Jeden ersten Freitag im Monat halten die Mönche einen Exerzitientag ab. Nach der Non spricht Pater Prior üblicherweise einige erbauliche Worte. Wir meinen, die Kapitelspredigt vom 4. Juli könnte auch den Familien all unserer Freunde und Wohltäter von Nutzen sein.

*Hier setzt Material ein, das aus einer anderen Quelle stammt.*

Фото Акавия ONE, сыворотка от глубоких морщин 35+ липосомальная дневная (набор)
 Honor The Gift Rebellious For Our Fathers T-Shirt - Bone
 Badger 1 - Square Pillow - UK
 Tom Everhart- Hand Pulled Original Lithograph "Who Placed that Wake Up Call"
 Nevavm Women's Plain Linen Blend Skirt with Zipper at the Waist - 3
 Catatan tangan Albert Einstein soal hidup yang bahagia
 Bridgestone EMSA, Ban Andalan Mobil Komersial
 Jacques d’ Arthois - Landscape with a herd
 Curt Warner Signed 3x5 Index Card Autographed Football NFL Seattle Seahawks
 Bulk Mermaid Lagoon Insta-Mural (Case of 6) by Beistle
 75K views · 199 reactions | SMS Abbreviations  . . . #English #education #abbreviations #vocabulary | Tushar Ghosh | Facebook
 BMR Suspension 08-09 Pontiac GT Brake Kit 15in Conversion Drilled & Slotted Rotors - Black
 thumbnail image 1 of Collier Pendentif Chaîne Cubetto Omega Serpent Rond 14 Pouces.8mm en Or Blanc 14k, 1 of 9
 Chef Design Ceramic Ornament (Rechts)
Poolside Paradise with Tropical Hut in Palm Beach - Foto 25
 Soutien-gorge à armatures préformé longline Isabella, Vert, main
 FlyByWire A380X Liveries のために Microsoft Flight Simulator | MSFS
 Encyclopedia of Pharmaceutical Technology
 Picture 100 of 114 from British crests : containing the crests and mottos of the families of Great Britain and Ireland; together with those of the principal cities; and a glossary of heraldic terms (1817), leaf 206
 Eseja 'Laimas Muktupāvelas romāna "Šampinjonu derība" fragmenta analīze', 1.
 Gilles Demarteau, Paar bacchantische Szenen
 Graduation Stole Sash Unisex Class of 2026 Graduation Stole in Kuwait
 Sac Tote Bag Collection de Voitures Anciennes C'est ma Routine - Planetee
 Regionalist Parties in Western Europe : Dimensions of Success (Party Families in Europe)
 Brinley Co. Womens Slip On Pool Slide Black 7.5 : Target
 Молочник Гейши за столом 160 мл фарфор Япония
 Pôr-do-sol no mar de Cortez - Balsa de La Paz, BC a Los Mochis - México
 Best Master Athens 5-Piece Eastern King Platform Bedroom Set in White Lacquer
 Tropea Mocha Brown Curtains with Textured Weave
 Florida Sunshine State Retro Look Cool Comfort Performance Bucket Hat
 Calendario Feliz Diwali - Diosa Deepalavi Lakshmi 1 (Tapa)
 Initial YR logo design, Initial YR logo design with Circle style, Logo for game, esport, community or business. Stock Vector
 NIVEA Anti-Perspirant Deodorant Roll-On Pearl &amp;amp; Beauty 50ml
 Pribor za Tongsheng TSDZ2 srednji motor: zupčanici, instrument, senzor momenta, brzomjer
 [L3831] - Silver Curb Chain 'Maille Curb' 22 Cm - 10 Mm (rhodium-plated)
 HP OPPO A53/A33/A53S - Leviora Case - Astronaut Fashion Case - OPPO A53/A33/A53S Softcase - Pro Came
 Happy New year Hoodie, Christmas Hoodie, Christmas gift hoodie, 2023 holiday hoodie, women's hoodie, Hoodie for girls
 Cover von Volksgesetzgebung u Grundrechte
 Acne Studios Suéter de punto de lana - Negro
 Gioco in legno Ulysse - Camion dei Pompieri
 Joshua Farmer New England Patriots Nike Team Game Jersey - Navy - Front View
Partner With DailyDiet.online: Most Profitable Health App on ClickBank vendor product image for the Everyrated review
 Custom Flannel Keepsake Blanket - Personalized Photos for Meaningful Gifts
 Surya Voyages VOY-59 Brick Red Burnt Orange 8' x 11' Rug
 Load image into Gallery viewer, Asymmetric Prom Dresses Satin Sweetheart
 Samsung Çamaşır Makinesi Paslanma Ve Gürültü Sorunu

Meine lieben Brüder, an diesem Tag der Einkehr, dem ersten Freitag im Monat, möchte ich die Last der sengenden Hitze nicht noch durch schwere Worte erschweren, sondern uns im Gegenteil gegenseitig ermutigen, dieser Prüfung wie allem Schmerz einen übernatürlichen Sinn zu geben. Dazu müssen wir auf das Kreuz Jesu blicken, der sein Leiden und seinen Tod zu einem Lobpreis der Anbetung an seinen Vater und zu einem Mittel machte, Gerechtigkeit für alle Sünden der Welt zu schaffen. Jesus ist das vollkommene Vorbild, dem wir in allem folgen sollten, besonders in den Schmerzen dieses Lebens. Unsere arme Natur, die unser Herr in allem außer der Sünde annehmen wollte, ruft mit ihm: „Vater, wenn es möglich ist, nimm von mir diese endlose Hitzewelle und diese anderen Strapazen und Leiden an Leib und Seele.“ Ja, Jesus litt unter der noch größeren Hitze Palästinas, die wir heute mehr oder weniger auch haben, aber neugierigerweise habe ich im Internet gelesen, daß die Temperatur in Jerusalem am 4. September 2020 40 °C betrug. Kurz gesagt, laßt uns die Opfer, die die Vorsehung für uns bereithält, für den Herrn leben. Das Geheimnis, sie gut zu leben, liegt in der Liebe, die das Heiligste Herz Jesu uns entgegenbringt. Bewundernswert und unvorstellbar ist, daß der Soldat auf Golgatha nicht nur den Tod Jesu bemerkte, sondern – oh Sakrileg! – ihm mit seiner Lanze die rechte Seite bis ins Herz durchbohrte. Aus dieser sakrilegischen Tat, die den Tod sicherte, flossen, falls noch Zweifel bestanden, Wasser und Blut, Symbol einer unendlichen Liebe, die durch den Haß der Menschen hervorgerufen wurde. Jesus nutzt deren schwerste Sünde, um die Wellen seiner Barmherzigkeit über sie auszugießen. Das ist die Torheit Gottes. Eine Torheit, die uns die Kirche im Kollektengebet zum Fest des Heiligen Herzens, zu dem wir heute Morgen die Messe gefeiert haben, immer wieder vor Augen führt: „O Gott, in das Herz deines Sohnes, das durch unsere Sünden verwundet wurde, hast du in deiner Barmherzigkeit unendliche Schätze der Nächstenliebe gelegt.“

Diese extreme Nächstenliebe, die sich im Leiden und Sterben Jesu manifestierte, präsentiert sich uns unter einer besonderen Note: der Sanftmut, die ihren höchsten Ausdruck darstellt.

Was ist nun Sanftmut? 

Sanftmut ist eine Tugend, die im weitesten Sinne eine moralische Eigenschaft bezeichnet, die sich in Freundlichkeit, Güte, Geduld und dem Verzicht auf Härte in Verhalten und Worten äußert. Sie impliziert die Fähigkeit, auch in schwierigen Situationen ruhig und ohne Aggression zu handeln. Sanftmut wird oft mit Demut, Mitgefühl und der Fähigkeit zu verstehen und zu vergeben in Verbindung gebracht. Sanftmut bedeutet nicht Schwäche, sondern Selbstbeherrschung, die Beherrschung der eigenen Leidenschaften. Sie ist das Gegenteil von aller Rauheit, Härte, Bissigkeit, Bitterkeit, Brutalität und Aggressivität. Ihr Bild ist die Taube oder besser noch das unschuldige Lamm, das in Jesus eine so göttliche Stufe erreicht, daß dadurch die Sünde der Welt gesühnt wird. 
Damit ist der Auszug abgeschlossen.